Achtsamkeit bedeutet für mich präsent zu sein, also im ‚Hier und Jetzt’ und jede Gefühlsregung, die in mir aufkommt, anzunehmen. Also auch die unschönen, wie Traurigkeit, genervt sein, etc… und dann DURCHATMEN! Bewusst tief in den Bauch atmen! Aber auch Dankbarkeit und Freude bewusst zu fühlen und mir erlauben, diese Gefühle im Herzen und im ganzen Körper ausbreiten zu lassen. Dies ist total schön und gehört für mich zu einem achtsamen Umgang mit mir selbst.

10. Welche Karmapunkte hast du schon gesammelt / gute Taten, soziale Projekte, etc.? 

Haha, gute Frage, da muss ich mal kurz drüber nachdenken. Ich habe, glaube ich, schon einiges Gutes getan. Alleine durch meine Arbeit habe ich immer wieder das Privileg andere Menschen ein Stück bei ihrer eigenen Persönlichkeitsentwicklung zu unterstützen. Mir macht es besonders Freude anderen Menschen auf ihrem Weg zu begleiten und sie zu motivieren, das für sie Richtige zu tun. Das macht mich glücklich.

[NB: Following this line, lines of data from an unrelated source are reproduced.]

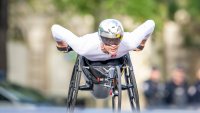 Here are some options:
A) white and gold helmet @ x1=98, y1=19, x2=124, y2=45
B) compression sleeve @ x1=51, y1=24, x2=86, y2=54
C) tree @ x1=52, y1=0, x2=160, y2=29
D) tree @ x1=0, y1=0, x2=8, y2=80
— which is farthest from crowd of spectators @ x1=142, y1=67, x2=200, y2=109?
white and gold helmet @ x1=98, y1=19, x2=124, y2=45

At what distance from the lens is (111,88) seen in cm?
913

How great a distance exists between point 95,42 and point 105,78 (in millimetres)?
396

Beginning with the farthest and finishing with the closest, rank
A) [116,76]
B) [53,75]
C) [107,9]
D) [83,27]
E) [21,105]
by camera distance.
→ 1. [53,75]
2. [83,27]
3. [107,9]
4. [21,105]
5. [116,76]

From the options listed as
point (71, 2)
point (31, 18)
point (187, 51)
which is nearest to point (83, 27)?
point (31, 18)

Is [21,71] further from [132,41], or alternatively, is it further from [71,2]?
[132,41]

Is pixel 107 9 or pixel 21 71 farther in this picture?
pixel 21 71

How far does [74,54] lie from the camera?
32.9 feet

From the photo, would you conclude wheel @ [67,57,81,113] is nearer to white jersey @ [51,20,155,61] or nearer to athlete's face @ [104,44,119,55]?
white jersey @ [51,20,155,61]

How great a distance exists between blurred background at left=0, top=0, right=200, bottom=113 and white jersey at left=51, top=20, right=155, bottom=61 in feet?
2.72

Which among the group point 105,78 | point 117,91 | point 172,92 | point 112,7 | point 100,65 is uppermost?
point 112,7

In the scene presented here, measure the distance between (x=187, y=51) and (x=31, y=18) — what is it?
703 cm

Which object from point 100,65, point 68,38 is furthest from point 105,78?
point 68,38

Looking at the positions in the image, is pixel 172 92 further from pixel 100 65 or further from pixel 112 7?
pixel 100 65

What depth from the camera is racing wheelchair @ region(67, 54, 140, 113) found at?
9.16m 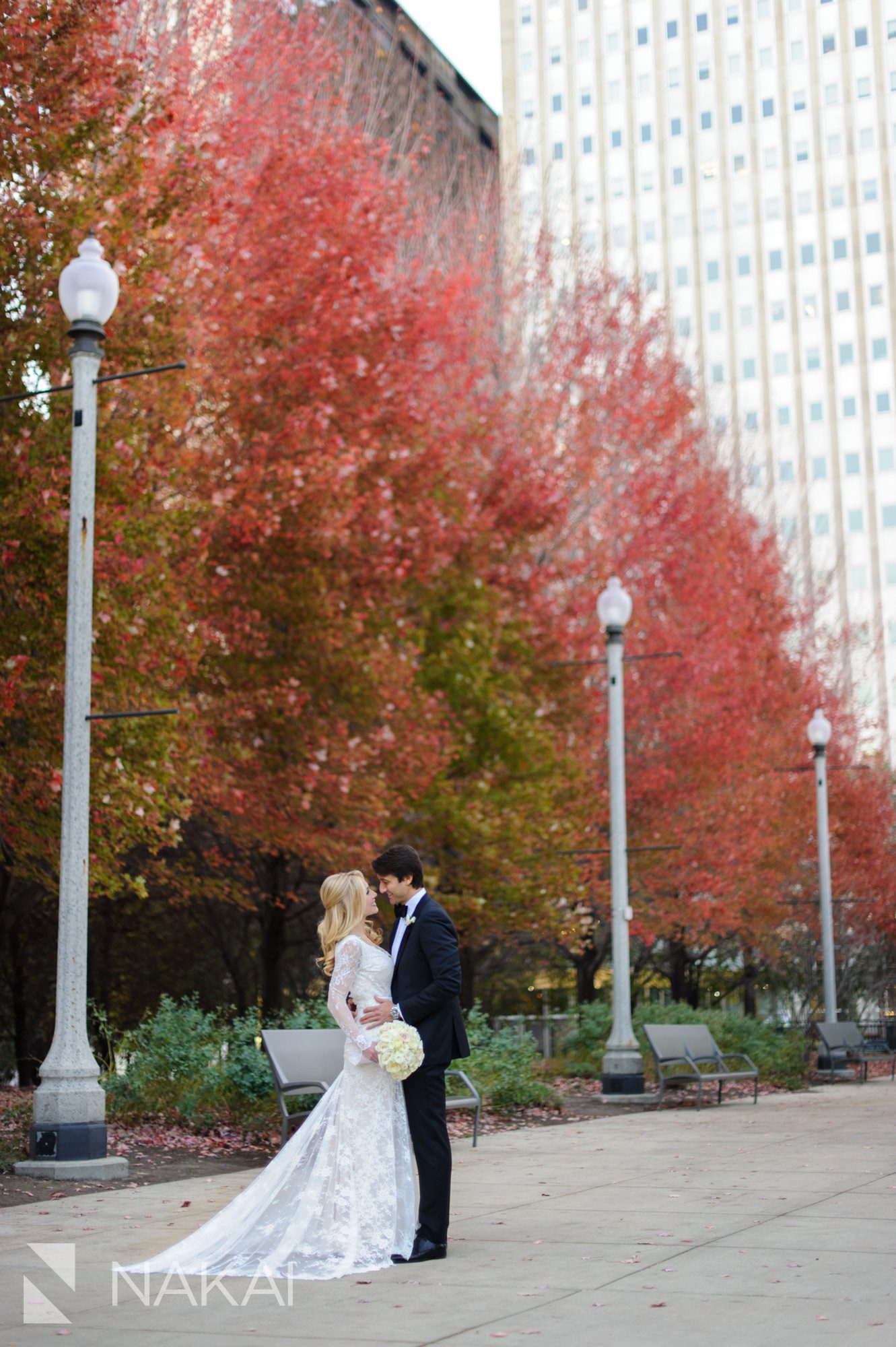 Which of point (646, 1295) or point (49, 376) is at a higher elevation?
point (49, 376)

11. Was sind deine Gesundheitsunterstützer?

Im Moment ist es mein Standmixer mit dem ich seit diesem Sommer fleißig leckere Smoothies zubereite. Es ist aber auch meine „Massage-Klosterbürste“ (eine Trockenbürste mit Kupferelementen), die ich morgens verwende, die die Lymphgefäße anregt und zu einem allgemeinen Wohlbefinden beiträgt.

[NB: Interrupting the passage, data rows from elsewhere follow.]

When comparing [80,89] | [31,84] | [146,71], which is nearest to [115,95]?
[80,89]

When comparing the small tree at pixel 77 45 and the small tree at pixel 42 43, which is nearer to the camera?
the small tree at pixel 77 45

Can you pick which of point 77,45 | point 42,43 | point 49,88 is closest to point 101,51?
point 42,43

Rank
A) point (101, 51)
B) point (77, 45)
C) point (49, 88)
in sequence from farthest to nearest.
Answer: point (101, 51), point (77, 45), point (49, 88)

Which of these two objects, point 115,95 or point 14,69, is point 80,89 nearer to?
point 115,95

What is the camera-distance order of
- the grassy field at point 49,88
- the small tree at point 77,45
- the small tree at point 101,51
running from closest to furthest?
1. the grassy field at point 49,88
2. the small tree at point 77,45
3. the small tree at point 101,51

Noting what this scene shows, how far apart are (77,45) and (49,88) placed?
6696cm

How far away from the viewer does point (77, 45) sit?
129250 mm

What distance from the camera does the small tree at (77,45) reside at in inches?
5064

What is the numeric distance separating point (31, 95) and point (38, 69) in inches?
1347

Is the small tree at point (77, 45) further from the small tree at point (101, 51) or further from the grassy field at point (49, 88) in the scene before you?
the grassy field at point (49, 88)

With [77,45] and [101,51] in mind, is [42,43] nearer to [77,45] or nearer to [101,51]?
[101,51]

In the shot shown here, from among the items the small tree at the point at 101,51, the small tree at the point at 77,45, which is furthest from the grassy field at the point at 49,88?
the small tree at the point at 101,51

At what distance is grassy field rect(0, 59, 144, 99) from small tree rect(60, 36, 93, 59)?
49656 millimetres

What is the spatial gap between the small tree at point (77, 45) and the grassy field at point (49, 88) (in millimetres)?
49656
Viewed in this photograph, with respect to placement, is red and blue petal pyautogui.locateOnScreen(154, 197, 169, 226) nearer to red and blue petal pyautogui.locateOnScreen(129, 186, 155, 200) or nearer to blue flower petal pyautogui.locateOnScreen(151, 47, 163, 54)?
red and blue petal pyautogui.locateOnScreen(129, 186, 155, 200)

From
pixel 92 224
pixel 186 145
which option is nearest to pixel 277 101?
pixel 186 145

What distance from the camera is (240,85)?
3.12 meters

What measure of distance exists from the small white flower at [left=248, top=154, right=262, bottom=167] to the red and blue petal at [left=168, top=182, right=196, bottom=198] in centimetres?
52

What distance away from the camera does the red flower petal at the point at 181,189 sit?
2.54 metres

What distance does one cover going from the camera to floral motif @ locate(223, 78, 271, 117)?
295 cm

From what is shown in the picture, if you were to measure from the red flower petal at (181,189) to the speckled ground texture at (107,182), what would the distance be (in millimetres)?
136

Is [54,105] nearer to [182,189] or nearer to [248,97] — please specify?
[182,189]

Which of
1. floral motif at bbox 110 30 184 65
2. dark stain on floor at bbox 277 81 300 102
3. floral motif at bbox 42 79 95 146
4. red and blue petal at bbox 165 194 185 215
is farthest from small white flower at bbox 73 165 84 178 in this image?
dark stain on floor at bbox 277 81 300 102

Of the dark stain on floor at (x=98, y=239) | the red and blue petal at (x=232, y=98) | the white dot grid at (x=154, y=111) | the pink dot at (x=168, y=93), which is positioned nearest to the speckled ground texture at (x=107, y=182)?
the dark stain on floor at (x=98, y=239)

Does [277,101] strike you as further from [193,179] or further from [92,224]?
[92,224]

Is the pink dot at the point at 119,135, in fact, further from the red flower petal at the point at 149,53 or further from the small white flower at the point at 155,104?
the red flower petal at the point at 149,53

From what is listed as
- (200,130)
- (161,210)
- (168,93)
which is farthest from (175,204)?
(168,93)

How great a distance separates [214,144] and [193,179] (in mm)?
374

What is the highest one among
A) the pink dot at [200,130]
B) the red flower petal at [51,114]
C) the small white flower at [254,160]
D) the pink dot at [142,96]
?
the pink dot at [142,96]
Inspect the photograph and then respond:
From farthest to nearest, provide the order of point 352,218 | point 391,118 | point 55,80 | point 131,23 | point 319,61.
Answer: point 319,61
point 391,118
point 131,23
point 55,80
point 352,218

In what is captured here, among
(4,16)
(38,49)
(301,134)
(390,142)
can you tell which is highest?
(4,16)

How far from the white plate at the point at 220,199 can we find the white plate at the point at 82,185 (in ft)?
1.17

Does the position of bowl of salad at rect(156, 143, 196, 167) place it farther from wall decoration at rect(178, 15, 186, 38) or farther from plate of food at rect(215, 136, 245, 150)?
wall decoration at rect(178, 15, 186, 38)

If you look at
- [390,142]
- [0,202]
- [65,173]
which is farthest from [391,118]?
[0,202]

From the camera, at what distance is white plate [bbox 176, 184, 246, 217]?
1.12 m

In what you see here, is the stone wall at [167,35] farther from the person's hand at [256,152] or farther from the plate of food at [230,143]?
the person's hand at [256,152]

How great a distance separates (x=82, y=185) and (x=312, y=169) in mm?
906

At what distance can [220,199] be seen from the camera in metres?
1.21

12. Welche Dinge blockieren deine Gesundheit?

Gute Frage… Das ist sicherlich meine Neigung ab und an Wasser in meinem Körper, vor allem in meinen Beinen, einzulagern. Das heißt, ich achte auf ausreichende Bewegung, eine vitale Ernährung und lege meine Beine so oft wie möglich hoch.

13. Gibt es ein besonderes Gesundheitsmittel (oder mehrere)/ Tipps/ Tricks in Bezug auf deine Gesundheit, die du den Lesern preisgeben möchtest?

Die schon erwähnte „Klosterbürste“ kann ich sehr empfehlen. Zudem ist es aus meiner Sicht wichtig, sich um seine Verdauung und Darmtätigkeit zu kümmern, da diese enorm zu einem Wohlbefinden beiträgt. Für mich hat das dieses Jahr bedeutet, eine von meiner Osteopathin empfohlene Regenerations- und Aufbaukur für die Darmbakterien zu machen (z.B. von dem belgischen Hersteller Decola). Zudem finde ich es im Allgemeinen schön meinen Körper als Freund zu betrachten, der, wenn es mal irgendwo piekst, mich auf irgendetwas aufmerksam machen möchte.

14. Wie können die Leser in Kontakt zu dir treten?

Im Moment am besten über Xing und Facebook. Da bin ich jeweils unter meinem Namen (Petra Rinderer) zu finden oder direkt über meine Email: petrarinderer@yahoo.de

Petra, ich danke dir für das offene Gespräch, deine spannenden Antworten und deine tollen Anregungen!